Amato fece più o meno lo stesso. Compiti impossibili? O semplicemente improponibili nel regime partitocratico – citiamo Marco Pannella – che governa il Paese? I partiti sono morti, ma la partitocrazia è viva e vegeta. E non riguarda solo le organizzazioni che hanno preso il posto dei partiti tradizionali, ma da sempre coinvolge le organizzazioni sindacali. Sul finanziamento ai partiti ci si è stracciati le vesti (non tutte) a volte lacerando qualche abito di qualità. Sul finanziamento dei sindacati il silenzio è tombale e chi pone il problema è un nemico del popolo.

Nessuna intenzione di fare intemerate, ma visto che si continua a parlare di concertazione e confronto sindacale – anche in questi giorni e anche se le tre principali confederazioni non sono concordi tra loro, come sull’idea del salario minimo per legge – sarebbe utile farsi qualche domanda sulle risorse, oltre che sulla rappresentatività. La società liquida e la tendenza alla disintermediazione sollecitata anche dalle nuove tecnologie non può riguardare solo i partiti. Se questi sono defunti sarebbe sbagliato non chiedersi se le altre strutture nate dalla fondazione della Repubblica (e che hanno goduto, forse giustamente, della cospicua eredità anche immobiliare dello Stato fascista) possano essere considerate allo stesso modo, nel tempo.
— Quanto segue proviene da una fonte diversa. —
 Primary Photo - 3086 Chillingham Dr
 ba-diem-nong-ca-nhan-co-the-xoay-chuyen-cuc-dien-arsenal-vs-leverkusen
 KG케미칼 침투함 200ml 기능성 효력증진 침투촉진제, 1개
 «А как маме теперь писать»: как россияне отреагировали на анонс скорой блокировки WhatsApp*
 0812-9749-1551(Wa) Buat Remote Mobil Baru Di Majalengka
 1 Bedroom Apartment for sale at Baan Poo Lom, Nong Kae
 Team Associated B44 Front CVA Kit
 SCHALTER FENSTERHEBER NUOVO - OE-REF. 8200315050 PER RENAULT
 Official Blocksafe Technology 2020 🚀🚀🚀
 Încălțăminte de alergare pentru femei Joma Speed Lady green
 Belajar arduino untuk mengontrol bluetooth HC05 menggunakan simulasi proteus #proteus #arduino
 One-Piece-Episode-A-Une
L’indagine di Giuliano Amato si arenò, di fatto, sui patronati e sui Caf. Gli intermediari istituzionali che facilitano il rapporto tra cittadini e Pubblica amministrazione non sono un’esclusiva delle organizzazioni sindacali. Ma Cgil, Cisl e Uil rappresentano la gran parte di questo bosco fitto di ossigeno e di insetti. Al netto delle possibili polemiche a proposito di Caf e patronati sarebbe forse il caso di fare un programma in tre punti:

1. promuovere una indagine vera sulle risorse di cui dispongono gli intermediari e i loro controllori (i sindacati);

2. verificare non solo il grado di soddisfazione dei cittadini, ma i risparmi generati dalla Pa dal loro ruolo (non deve sfuggire che il patronato è sia partner della Pa, sia promotore di contenzioso contro la Pa);

3. affidare una seria ispezione sulle attività non tanto agli ispettori del Ministero del Lavoro, quanto a forme ispettive delle Amministrazioni intermediate da patronati e Caf.
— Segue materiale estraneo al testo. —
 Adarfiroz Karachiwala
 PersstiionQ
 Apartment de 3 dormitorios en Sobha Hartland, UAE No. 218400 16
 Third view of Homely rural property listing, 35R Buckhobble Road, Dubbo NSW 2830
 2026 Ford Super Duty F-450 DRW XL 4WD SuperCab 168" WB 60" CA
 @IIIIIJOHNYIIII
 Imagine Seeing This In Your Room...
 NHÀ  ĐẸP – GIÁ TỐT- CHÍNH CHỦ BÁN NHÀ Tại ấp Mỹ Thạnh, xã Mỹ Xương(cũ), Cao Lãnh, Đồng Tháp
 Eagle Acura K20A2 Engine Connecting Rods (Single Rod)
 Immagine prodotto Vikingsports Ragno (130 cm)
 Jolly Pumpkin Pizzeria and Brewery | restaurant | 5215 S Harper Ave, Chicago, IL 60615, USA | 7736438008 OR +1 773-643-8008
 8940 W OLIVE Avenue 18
Sul primo punto le poche cose certe riguardano i trasferimenti pubblici: 700-800 milioni l’anno. Questa è la somma che lo Stato riconosce agli intermediari autorizzati. In questa somma non sono comprese le quote che individualmente i cittadini versano agli istituti di patronato e Caf per iscriversi e per avere seguita la propria pratica.
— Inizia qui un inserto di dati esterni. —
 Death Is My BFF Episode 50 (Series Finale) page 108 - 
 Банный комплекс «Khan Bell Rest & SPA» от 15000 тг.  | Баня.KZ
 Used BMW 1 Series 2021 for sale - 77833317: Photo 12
Chi è iscritto al sindacato non paga nulla? Allora si potrebbe riproporre il tema dimenticato delle quote sindacali e sulla consapevolezza della detrazione in busta paga o dal cedolino della pensione (ormai gli iscritti al sindacato sono in maggioranza lavoratori in pensione). Da presidente dell’Inps ebbi l’avventura di predisporre un’indagine sulla delega sindacale. Così come feci un esposto alla Procura su diversi casi di dichiarazioni patronali false (fatte per conto di persone defunte o ripetute per persone in vita). Nell’un caso e nell’altro non ho potuto registrare effetti e conseguenze, se non la fine della mia presidenza.

Sulle ispezioni mi limito a ricordare le parole dell’ex ministra Catalfo (M5s, lo scorso anno): “Il notevole ritardo con cui gli ispettori (ministeriali, ndr) hanno trasmesso gli esiti degli accertamenti ispettivi”, “le numerose discrasie tra le risultanze degli accertamenti”. La relazione presentata nel 2020 riguardava l’attività patronale del 2018. Ma l’ex ministra dovette ammettere che i dati delle ispezioni (per comprovare l’attività effettivamente svolta dai patronati) era ferma al 2013.

In buona sostanza lo Stato eroga contributi miliardari a fronte di auto-dichiarazioni. In queste condizioni potrebbe sembrare lunare l’idea di un punteggio sulla qualità (e sulla soddisfazione) del servizio erogato.